Don’t make the same mistake. When you’re designing a landing page, make sure you optimize it for mobile users. The seven key design elements below can help you design a mobile landing page optimized for conversions.
Landing page headlines should always be clear and concise. For a mobile landing page, your headline has to be even shorter, because you have even less space to work with. Use no more than five words, and describe what your website is about, or what your product does. This may be difficult, but it isn’t impossible.
Take a look at the Squarespace mobile landing page, for instance. The headline, “Build it Beautiful,” is short, but it clearly tells people what the product is about – building websites. And “beautiful” highlights the benefit of using the platform. They’ve perfectly summed up what their product does, and what makes it special, in just three words, with a compelling headline.
Try to form your headline around the main features and/or benefits of your product. Maybe it will help readers learn something useful, or tackle a challenge they’ve been facing. Once you come up with a potential headline, check it several times to see if you can shorten it and still keep it compelling. For instance, you could shorten, “Convert People with Beautiful Landing Pages,” to, “Create Landing Pages that Convert.”

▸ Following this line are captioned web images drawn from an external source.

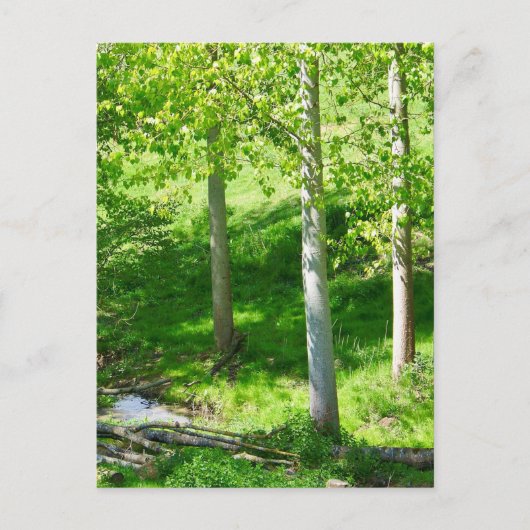 Carte postale du feuillage de printemps (Devant)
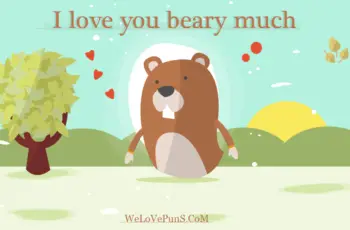 best bear puns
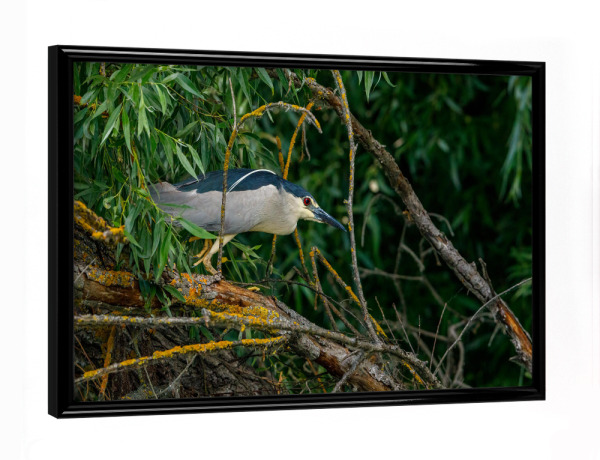 Poster mit schwarzem Rahmen "Ein Nachtreiher" artboxONE - Natur,Tiere - Nachtreiher,Reiher,Vogel,Donaudelta,Wildlife,Wildnis
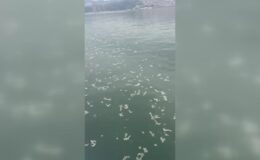 İzmir Körfezi’ne boya atığı deşarj eden firmaya 8,3 milyon lira ceza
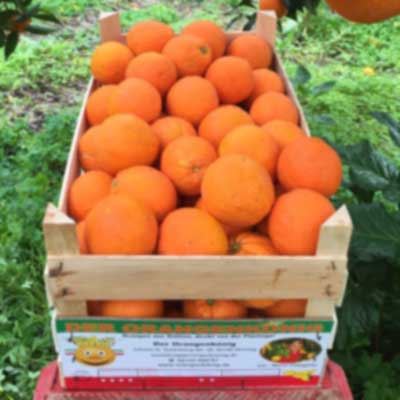 Große Kiste Saftorangen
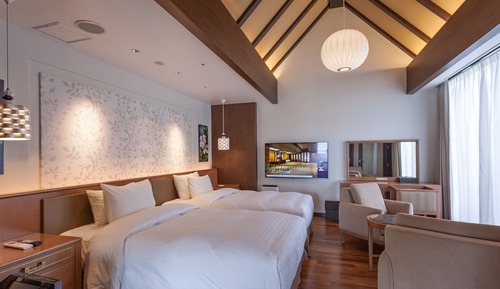 Habitación Premium con 2 camas individuales, no fumadores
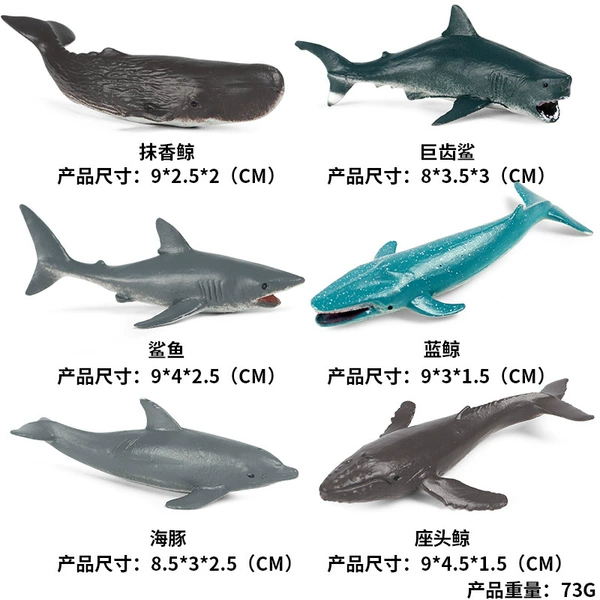 Js mini ocean 6 A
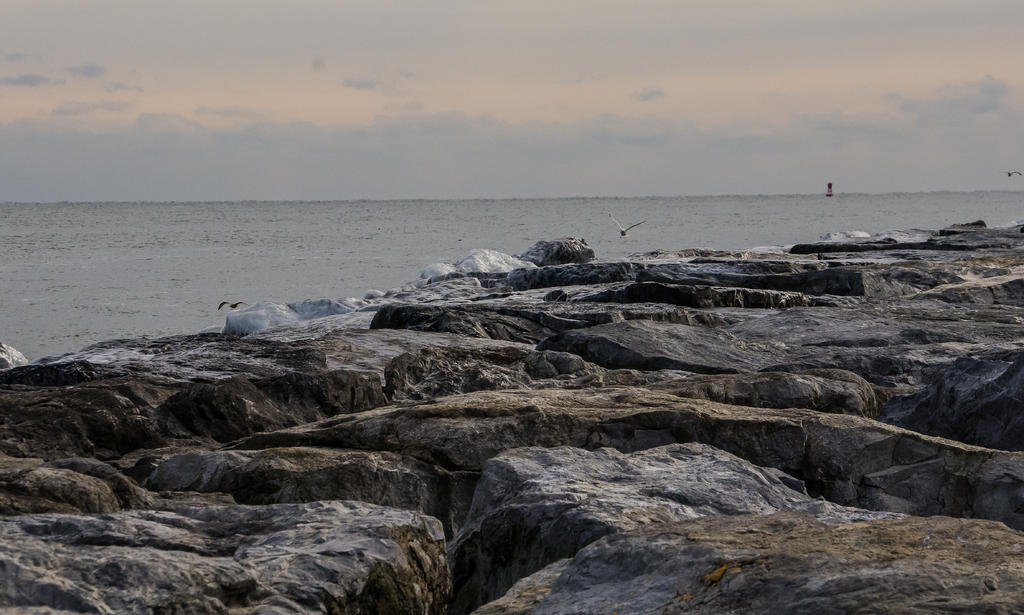 DSC_9029.jpg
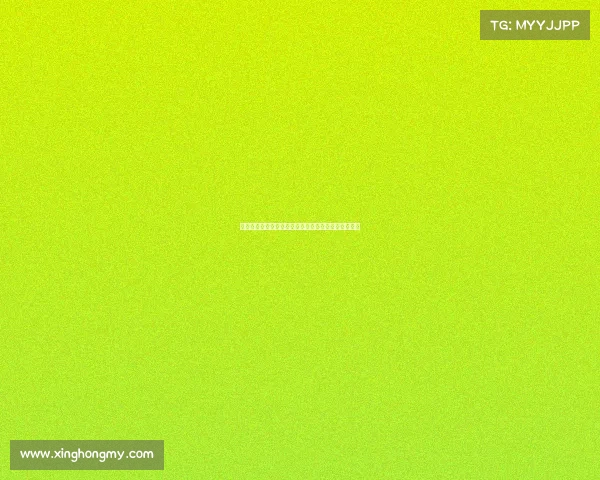 米兰盯上吉拉西力争引进多特顶级中锋以增强锋线实力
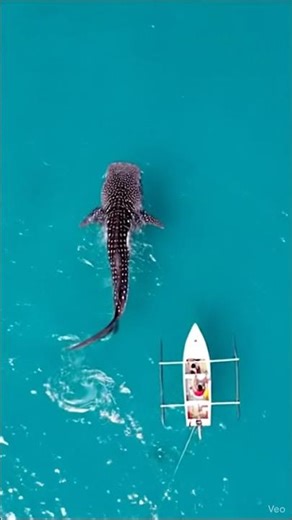 GIANT WHALE SHARK vs TINY BOAT: Aerial View! 🐋🛶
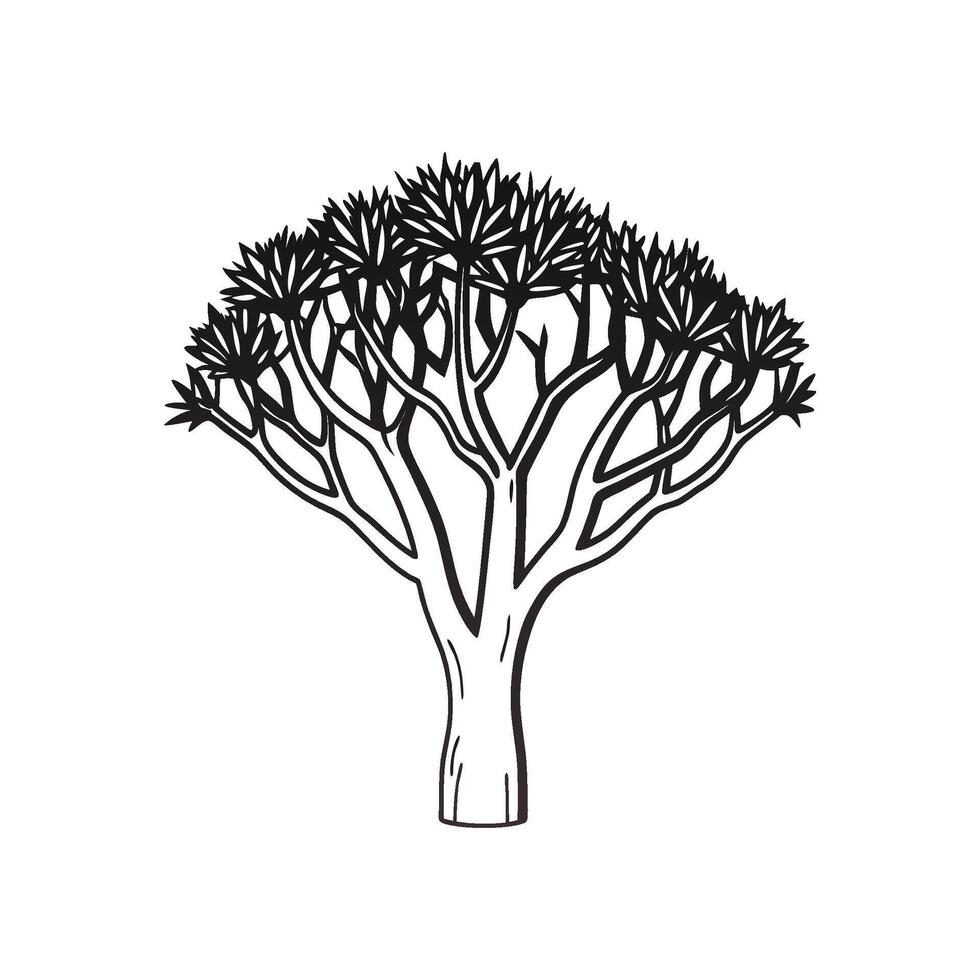 Artistic Outline of Devils Walking Stick Tree vector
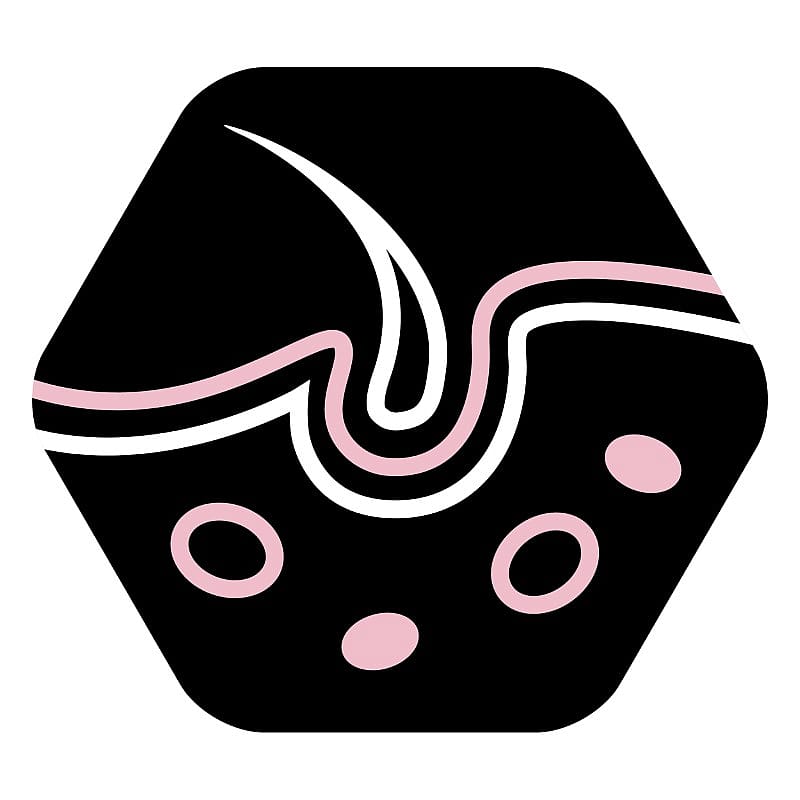 Purina Pro Plan Large Athletic Adult Sensitive Skin Hondenvoer 14 kg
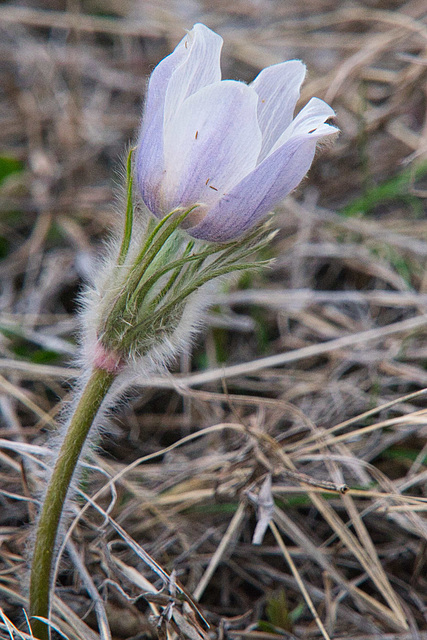 fuzzy crocus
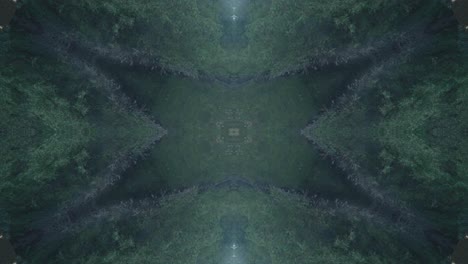 Greenery-Kaleidoscope-using-forest-imagery-from-Wissahickon-Creek,-Philadelphia,-#61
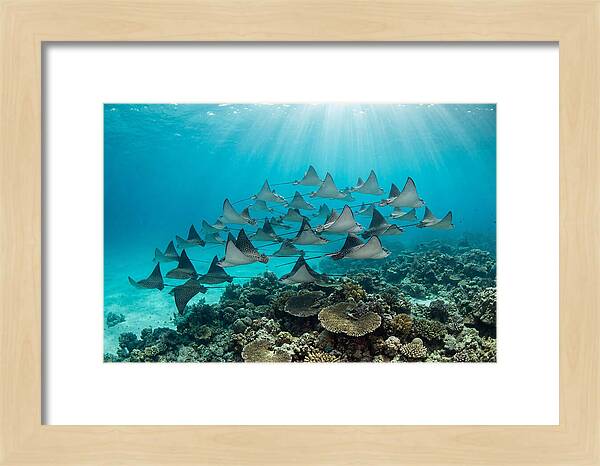 Eagle Rays In Formation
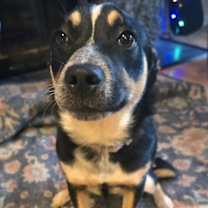 Thumbnail photo of Bella #2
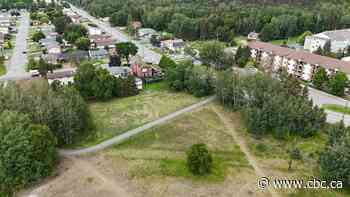 Thunder Bay, Ont., residents rally to halt loss of green space as city eyes hundreds of housing units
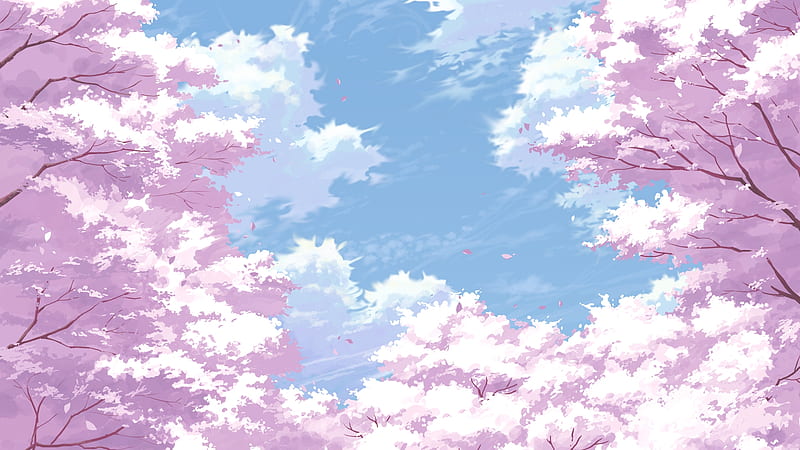 sakura blossom, petals, scenery, sky, cherry, Anime, HD wallpaper
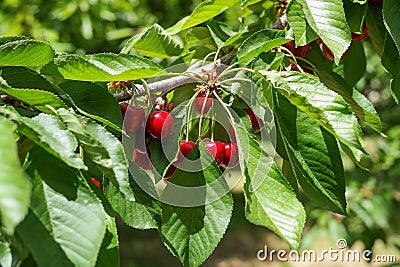 Cherry tree berries Stock Photo
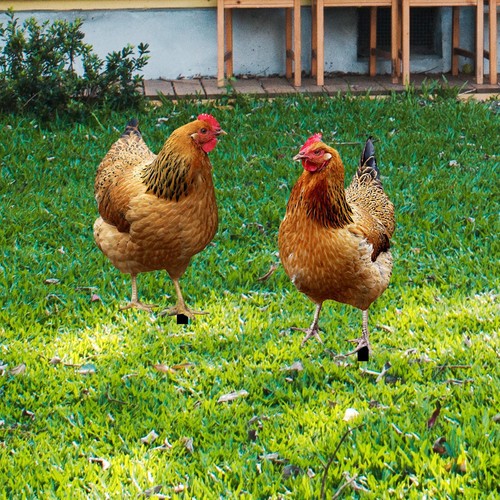 Hen statue garden - garden, stakes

Although many landing pages have a subheading with more details about the product’s features, that may not be the best option for a mobile landing page due to the limited space. You can try adding a few bullet points if you absolutely have to include further details or benefits of the product. Just make sure each point is concise and clear.
You know the importance of persuasive CTA copy, and how it can help drive conversions. With mobile landing pages, your CTA copy needs to compel users to take action, and it needs to do so with just 2-3 words. Something like, “Get Started,” “Grab Your Deal,” or “Build Your Website,” may be ideal as they get straight to the point in just a few words.
For example, the mobile landing page for the Shyp app has clear call-to-action copy that urges people to, “Get the App.”
To come up with compelling copy for your CTA, first define the goal of your landing page. Is it to get people to enter a contest, download an eBook, or sign up for your mailing list? Next, write a short CTA that clearly tells people what you want them to do, like, “Enter to Win,” or “Download Your Guide.”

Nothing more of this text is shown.